● **Problem**: Once the line holding "4/62 Imperial Parade, Labrador QLD 4215" is found in the entries below, transcribe exactly every line up to and including the one holding "Hotel Shazeb International in Hyderabad", but leave out the pictures.

----- Exercise material -----

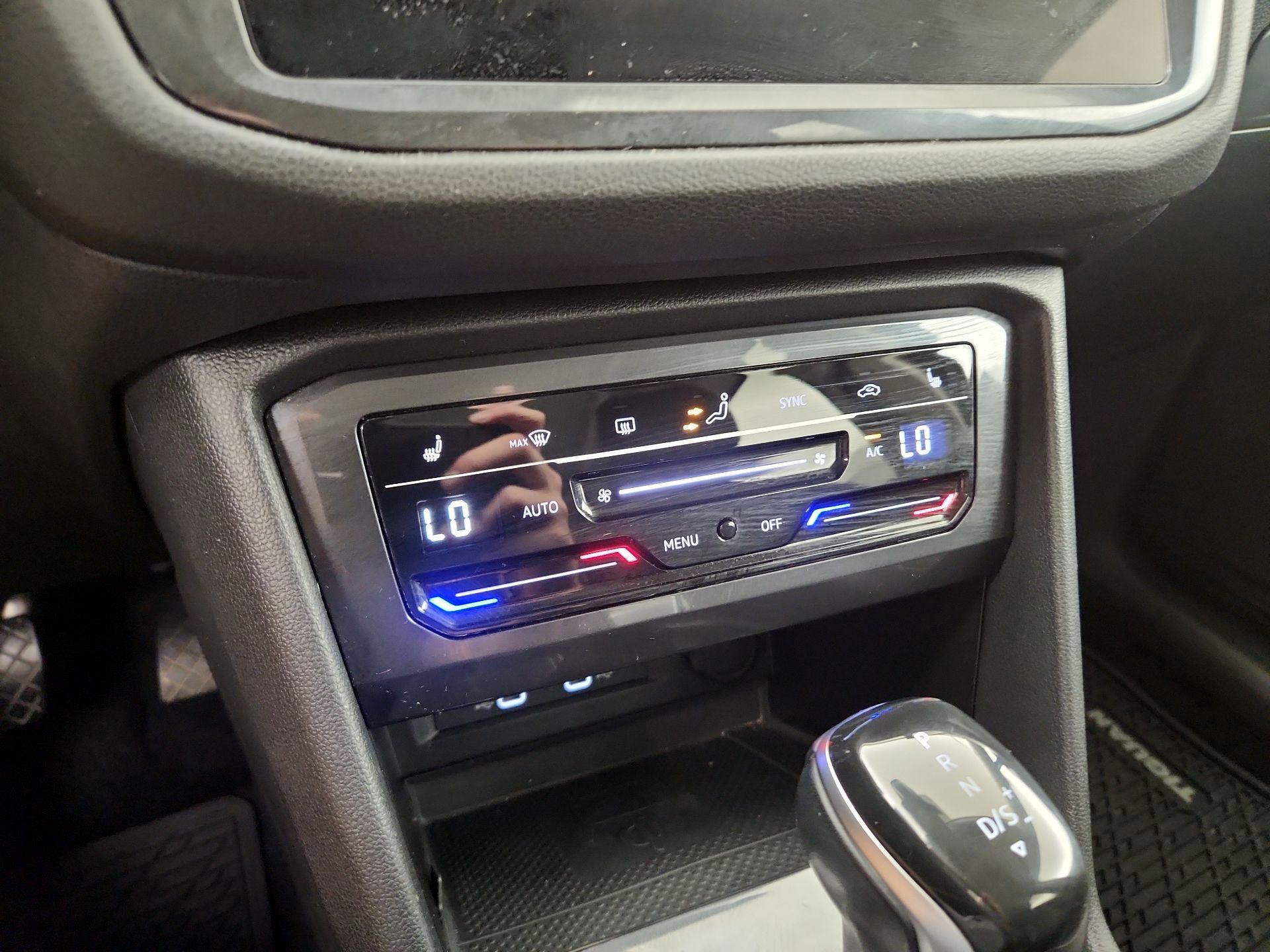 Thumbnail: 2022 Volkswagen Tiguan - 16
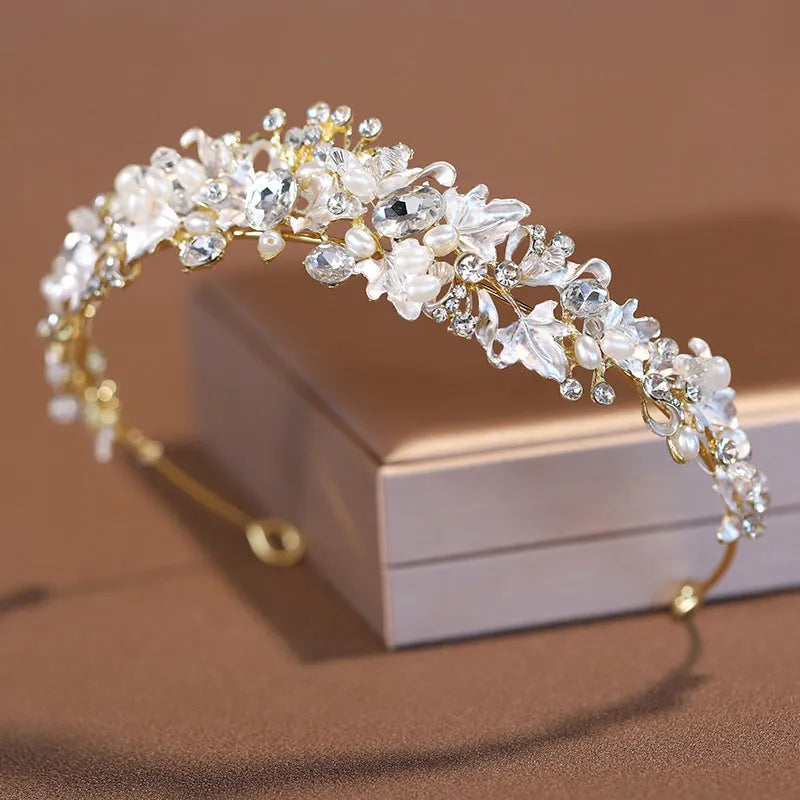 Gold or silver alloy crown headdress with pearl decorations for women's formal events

-----
----- Exercise material -----

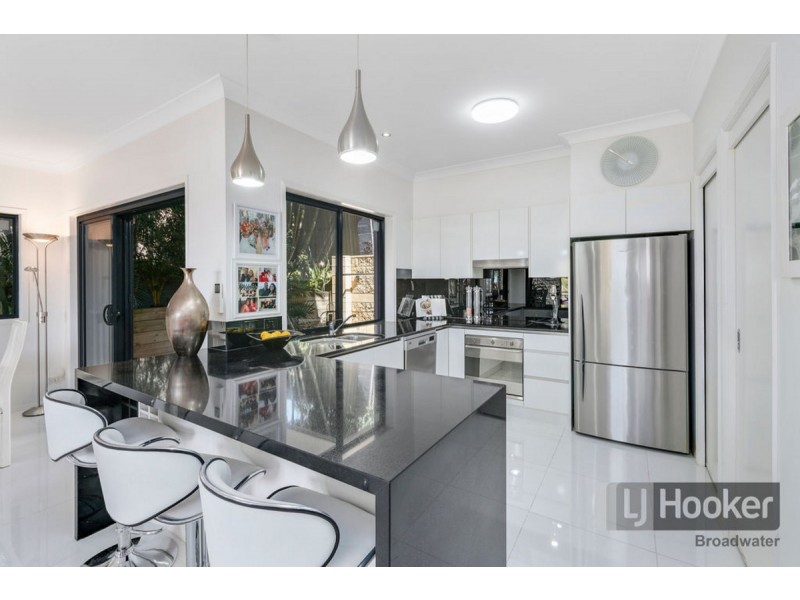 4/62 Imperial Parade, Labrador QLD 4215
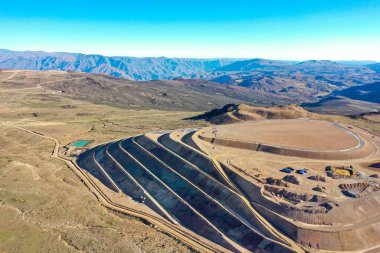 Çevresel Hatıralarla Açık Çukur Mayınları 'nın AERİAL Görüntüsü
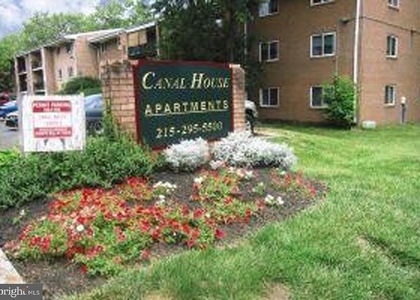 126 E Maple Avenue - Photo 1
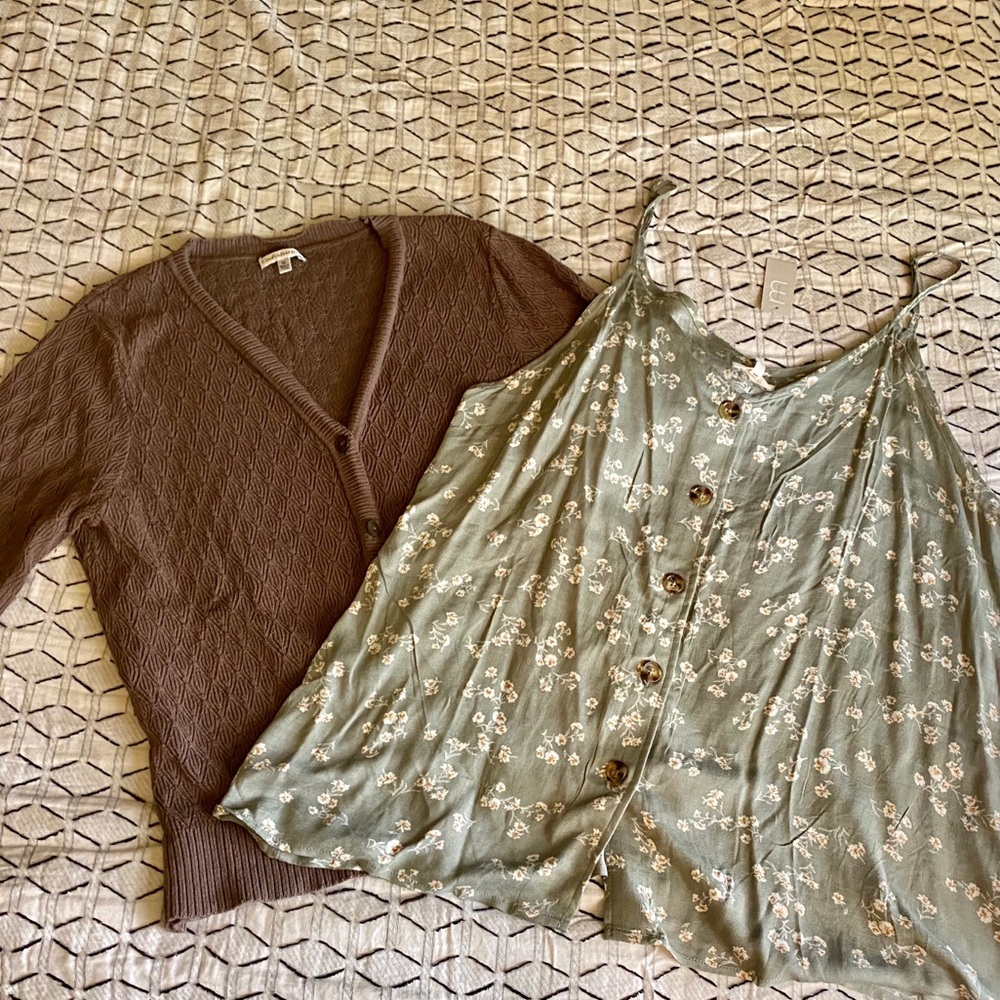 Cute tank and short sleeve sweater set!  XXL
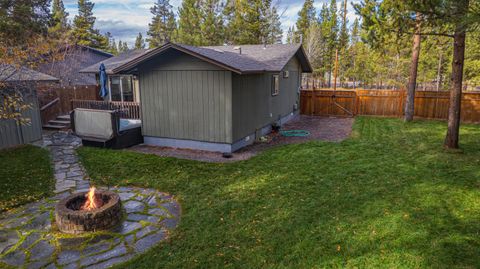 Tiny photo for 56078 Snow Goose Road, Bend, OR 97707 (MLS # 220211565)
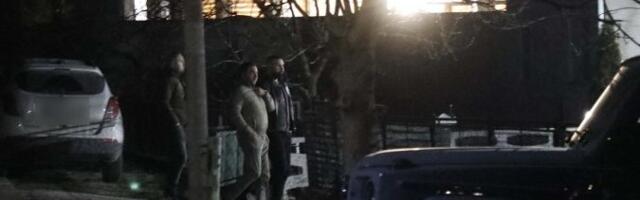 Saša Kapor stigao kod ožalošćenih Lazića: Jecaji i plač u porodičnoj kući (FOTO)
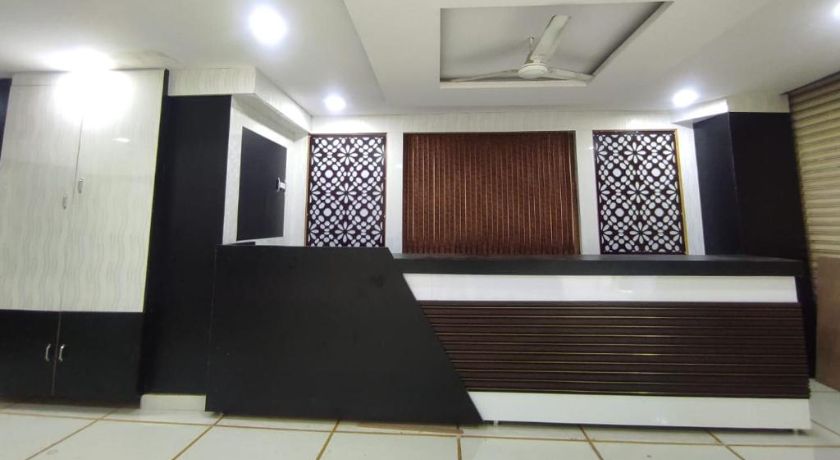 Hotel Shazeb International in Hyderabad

-----
----- Exercise material -----

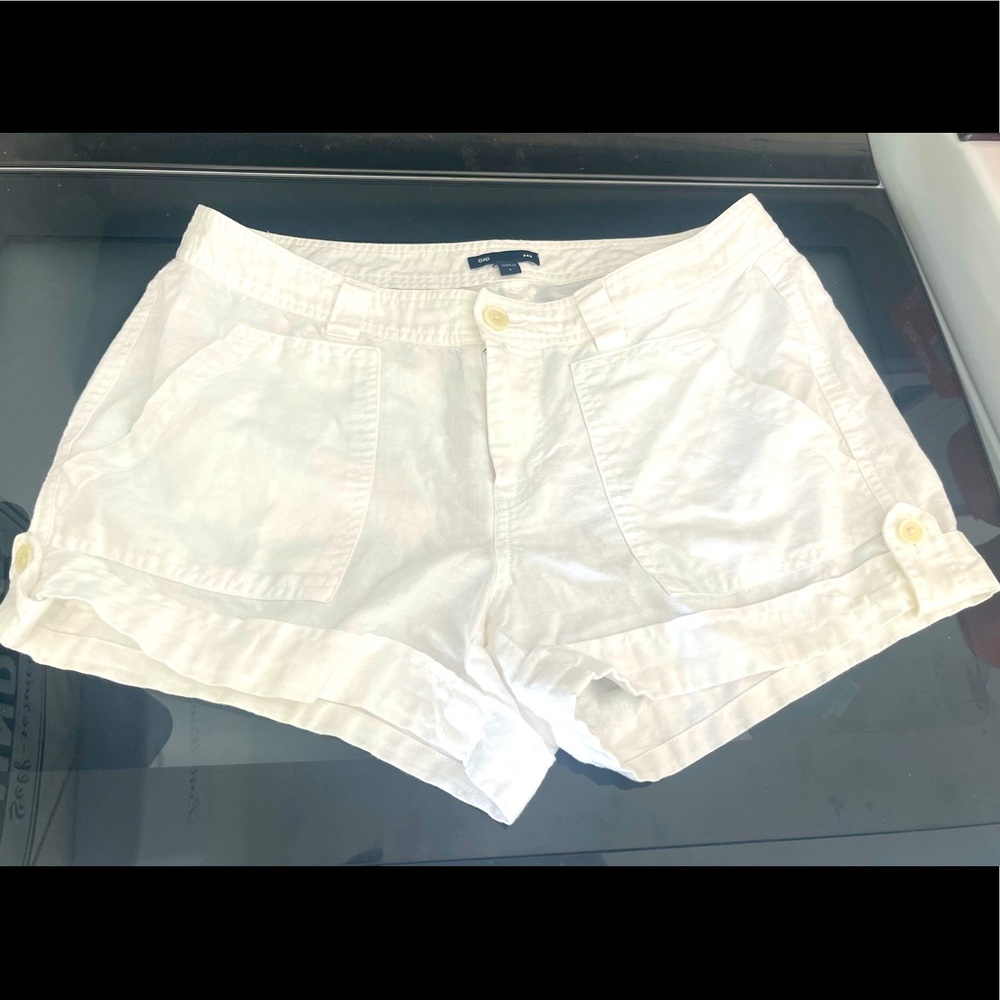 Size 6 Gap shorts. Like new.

-----

● **Finished task**:
 4/62 Imperial Parade, Labrador QLD 4215
 Çevresel Hatıralarla Açık Çukur Mayınları 'nın AERİAL Görüntüsü
 126 E Maple Avenue - Photo 1
 Cute tank and short sleeve sweater set!  XXL
 Tiny photo for 56078 Snow Goose Road, Bend, OR 97707 (MLS # 220211565)
 Saša Kapor stigao kod ožalošćenih Lazića: Jecaji i plač u porodičnoj kući (FOTO)
 Hotel Shazeb International in Hyderabad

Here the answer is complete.